- YOUR ASSIGNMENT -
What should be copied is the stretch of entries below from the line with "Human Coronavirus HKU1" up to and including the line with "INHIBITORS OF AMYLOID", exactly and without images.

- DATASET RECORDS -
§ §

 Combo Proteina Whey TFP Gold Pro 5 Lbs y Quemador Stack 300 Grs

§ §

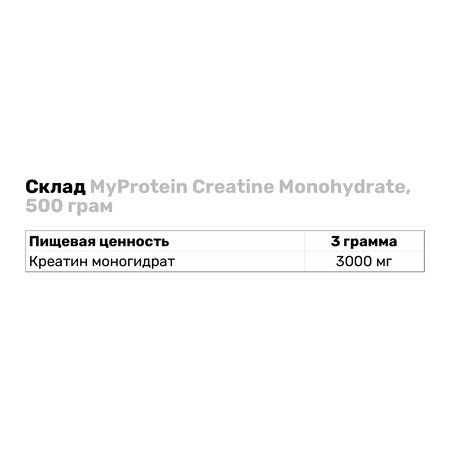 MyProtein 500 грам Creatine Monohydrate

§ §

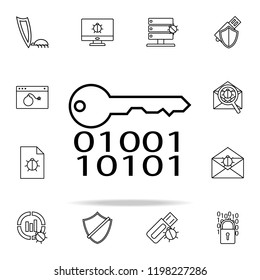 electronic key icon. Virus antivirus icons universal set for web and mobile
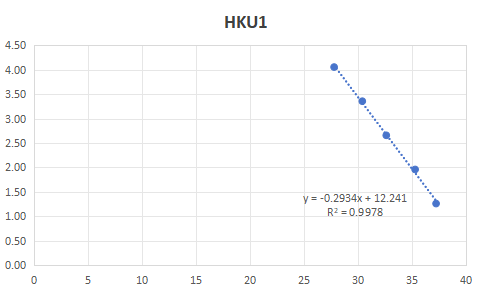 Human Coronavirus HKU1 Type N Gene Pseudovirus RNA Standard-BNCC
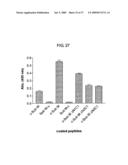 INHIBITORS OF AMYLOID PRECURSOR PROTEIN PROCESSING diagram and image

§ §

- EXERCISE ANSWER -
 Human Coronavirus HKU1 Type N Gene Pseudovirus RNA Standard-BNCC
 INHIBITORS OF AMYLOID PRECURSOR PROTEIN PROCESSING diagram and image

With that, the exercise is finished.